## Exercise details
In the data below, which lines hold the word "season"? Copy them.

── Supplied entries ──

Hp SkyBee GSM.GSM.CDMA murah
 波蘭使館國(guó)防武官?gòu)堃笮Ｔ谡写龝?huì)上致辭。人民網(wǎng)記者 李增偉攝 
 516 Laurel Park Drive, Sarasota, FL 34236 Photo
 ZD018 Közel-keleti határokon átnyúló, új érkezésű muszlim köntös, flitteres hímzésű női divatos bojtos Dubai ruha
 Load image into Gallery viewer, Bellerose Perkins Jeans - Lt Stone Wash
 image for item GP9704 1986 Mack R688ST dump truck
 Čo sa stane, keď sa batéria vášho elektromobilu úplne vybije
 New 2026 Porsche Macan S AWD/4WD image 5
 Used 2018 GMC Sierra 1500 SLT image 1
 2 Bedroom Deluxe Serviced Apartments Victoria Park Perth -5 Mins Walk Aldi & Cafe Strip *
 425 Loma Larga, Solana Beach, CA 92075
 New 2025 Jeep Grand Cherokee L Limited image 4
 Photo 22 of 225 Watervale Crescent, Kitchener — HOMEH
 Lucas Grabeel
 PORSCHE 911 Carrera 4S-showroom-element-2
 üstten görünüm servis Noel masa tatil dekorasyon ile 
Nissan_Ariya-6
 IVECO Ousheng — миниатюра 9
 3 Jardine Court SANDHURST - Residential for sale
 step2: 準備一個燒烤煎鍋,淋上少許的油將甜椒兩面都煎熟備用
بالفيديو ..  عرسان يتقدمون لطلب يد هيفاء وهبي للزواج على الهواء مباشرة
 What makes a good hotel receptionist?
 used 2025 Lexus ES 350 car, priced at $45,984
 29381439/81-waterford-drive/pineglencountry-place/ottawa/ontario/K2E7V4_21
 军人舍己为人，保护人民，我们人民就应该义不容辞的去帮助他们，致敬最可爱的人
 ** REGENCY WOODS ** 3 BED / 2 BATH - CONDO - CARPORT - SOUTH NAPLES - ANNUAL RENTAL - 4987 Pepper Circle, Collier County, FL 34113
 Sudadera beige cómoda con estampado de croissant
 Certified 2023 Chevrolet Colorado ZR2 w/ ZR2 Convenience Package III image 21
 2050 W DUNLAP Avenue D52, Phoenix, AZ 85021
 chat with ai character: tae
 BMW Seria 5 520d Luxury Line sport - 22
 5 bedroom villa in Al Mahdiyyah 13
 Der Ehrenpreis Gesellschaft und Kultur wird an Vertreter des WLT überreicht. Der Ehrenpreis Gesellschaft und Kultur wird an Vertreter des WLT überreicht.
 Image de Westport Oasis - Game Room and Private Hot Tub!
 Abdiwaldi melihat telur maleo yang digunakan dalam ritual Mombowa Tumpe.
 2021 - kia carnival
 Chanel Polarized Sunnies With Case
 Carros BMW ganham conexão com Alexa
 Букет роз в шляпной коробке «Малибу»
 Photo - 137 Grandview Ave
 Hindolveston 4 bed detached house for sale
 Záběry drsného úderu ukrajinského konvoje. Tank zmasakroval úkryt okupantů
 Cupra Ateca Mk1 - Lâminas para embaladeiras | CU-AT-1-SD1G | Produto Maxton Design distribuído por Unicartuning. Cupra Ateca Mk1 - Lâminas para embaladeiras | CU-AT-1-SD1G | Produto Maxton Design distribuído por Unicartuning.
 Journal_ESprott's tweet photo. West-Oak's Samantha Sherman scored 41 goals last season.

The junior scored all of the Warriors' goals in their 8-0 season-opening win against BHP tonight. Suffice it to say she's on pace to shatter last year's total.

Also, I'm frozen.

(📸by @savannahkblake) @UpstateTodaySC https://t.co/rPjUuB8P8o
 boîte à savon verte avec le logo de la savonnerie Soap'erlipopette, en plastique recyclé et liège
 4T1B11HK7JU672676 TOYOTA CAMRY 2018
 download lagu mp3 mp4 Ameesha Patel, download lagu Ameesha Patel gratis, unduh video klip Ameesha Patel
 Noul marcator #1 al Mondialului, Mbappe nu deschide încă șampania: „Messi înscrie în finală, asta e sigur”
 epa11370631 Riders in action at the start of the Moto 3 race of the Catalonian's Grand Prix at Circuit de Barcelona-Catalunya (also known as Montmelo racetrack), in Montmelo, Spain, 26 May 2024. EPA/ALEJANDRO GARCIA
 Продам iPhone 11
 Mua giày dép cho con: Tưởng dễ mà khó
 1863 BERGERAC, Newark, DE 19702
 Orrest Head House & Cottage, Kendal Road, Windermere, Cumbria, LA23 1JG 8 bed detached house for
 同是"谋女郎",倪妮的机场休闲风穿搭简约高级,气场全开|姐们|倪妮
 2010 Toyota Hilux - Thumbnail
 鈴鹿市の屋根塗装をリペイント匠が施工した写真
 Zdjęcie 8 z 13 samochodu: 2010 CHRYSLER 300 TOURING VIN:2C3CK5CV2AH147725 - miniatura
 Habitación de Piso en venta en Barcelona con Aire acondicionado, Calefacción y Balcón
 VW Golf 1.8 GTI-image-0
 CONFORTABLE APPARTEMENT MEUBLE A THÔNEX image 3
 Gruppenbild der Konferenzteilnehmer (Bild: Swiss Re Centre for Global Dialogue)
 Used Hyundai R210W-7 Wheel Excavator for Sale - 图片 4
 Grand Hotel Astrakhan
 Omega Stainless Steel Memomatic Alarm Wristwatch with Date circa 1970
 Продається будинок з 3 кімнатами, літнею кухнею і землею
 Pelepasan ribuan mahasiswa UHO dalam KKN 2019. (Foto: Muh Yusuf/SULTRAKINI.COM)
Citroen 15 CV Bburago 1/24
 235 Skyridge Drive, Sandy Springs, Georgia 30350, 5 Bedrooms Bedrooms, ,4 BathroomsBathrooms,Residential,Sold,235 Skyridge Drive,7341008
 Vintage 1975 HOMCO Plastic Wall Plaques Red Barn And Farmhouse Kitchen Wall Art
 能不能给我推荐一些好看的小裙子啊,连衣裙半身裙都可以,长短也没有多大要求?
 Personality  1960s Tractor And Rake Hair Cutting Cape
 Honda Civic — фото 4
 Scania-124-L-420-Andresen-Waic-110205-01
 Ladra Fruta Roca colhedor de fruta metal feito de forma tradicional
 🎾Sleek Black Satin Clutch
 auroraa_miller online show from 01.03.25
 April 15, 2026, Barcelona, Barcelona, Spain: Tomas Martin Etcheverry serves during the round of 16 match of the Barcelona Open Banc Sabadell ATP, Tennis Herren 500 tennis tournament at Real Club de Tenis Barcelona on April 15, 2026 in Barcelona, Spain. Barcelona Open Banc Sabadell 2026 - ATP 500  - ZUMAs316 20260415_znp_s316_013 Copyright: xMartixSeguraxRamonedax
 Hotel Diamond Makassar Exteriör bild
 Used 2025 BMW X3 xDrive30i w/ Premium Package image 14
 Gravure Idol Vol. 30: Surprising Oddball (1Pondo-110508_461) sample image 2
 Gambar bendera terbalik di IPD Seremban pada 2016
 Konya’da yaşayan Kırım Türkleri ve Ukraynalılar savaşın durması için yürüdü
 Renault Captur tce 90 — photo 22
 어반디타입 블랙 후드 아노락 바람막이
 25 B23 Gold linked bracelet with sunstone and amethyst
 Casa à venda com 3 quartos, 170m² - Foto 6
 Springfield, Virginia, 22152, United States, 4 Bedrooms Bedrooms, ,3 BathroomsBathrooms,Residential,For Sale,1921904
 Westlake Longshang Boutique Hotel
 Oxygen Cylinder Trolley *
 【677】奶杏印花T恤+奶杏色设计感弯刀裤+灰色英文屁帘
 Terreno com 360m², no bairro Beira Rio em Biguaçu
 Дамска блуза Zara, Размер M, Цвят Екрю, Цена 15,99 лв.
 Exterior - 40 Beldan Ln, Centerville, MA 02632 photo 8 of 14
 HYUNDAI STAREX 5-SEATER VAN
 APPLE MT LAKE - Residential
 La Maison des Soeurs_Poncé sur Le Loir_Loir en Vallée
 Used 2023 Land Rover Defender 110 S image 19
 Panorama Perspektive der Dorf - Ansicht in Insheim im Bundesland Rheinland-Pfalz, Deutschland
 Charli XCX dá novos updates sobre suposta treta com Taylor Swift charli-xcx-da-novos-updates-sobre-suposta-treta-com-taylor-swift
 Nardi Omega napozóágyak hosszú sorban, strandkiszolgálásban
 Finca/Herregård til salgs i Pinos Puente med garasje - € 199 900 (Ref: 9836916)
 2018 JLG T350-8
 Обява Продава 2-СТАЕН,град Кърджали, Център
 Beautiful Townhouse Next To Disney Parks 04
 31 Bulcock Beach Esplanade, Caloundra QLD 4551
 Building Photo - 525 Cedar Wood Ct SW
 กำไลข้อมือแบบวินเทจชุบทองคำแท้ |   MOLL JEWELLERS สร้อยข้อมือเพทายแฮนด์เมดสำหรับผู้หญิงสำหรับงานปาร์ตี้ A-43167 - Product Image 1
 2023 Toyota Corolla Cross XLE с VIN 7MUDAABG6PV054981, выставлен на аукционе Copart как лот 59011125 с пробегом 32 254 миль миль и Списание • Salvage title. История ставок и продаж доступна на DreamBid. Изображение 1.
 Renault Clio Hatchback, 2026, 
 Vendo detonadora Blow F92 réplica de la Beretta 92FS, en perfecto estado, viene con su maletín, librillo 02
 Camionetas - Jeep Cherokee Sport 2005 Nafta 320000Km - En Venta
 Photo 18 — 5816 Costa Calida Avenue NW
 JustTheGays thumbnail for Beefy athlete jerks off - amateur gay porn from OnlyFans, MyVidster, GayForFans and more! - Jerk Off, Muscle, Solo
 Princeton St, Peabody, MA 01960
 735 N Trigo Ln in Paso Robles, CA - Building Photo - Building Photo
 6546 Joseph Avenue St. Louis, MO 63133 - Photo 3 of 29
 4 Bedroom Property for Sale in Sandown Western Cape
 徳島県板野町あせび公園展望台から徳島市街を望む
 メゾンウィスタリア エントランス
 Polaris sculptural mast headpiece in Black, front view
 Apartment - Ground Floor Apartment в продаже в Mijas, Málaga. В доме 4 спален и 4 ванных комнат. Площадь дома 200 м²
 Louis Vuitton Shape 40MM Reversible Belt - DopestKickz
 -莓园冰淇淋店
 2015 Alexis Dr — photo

───

## Completed task
 Journal_ESprott's tweet photo. West-Oak's Samantha Sherman scored 41 goals last season.
The junior scored all of the Warriors' goals in their 8-0 season-opening win against BHP tonight. Suffice it to say she's on pace to shatter last year's total.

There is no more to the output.